[Exercise data]
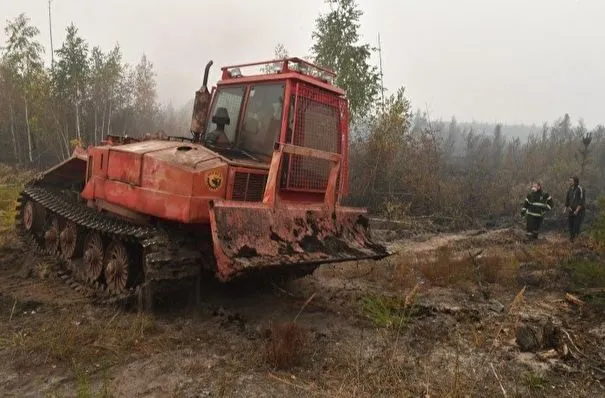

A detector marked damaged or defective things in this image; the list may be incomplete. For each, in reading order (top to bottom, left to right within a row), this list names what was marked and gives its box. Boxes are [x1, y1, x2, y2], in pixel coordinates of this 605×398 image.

rusty metal panel [208, 201, 386, 282]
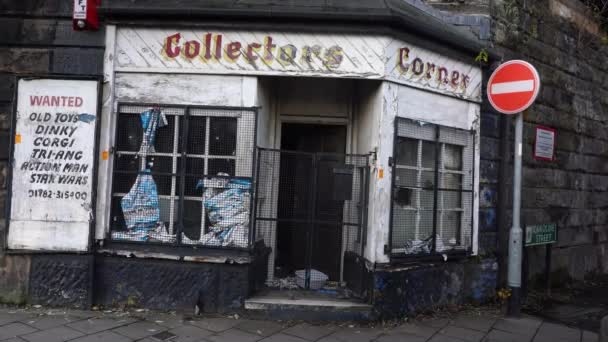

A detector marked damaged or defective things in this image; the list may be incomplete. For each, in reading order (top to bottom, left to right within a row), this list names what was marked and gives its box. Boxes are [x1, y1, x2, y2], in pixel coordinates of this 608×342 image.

peeling painted sign [115, 28, 480, 101]
peeling painted sign [8, 79, 99, 251]
broken window [110, 104, 255, 248]
broken window [392, 119, 472, 255]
[/Exercise data]
▶ What needs to be done
Beginning with the line containing "this 608×342 image.", repeat each line of the listing above, exactly, through the last one, and stop there.

▶ Written solution
A detector marked damaged or defective things in this image; the list may be incomplete. For each, in reading order (top to bottom, left to right within a row), this list names what was marked and gives its box. Boxes are [x1, y1, x2, y2], in pixel coordinates of this 608×342 image.

peeling painted sign [115, 28, 480, 101]
peeling painted sign [8, 79, 99, 251]
broken window [110, 104, 255, 248]
broken window [392, 119, 472, 255]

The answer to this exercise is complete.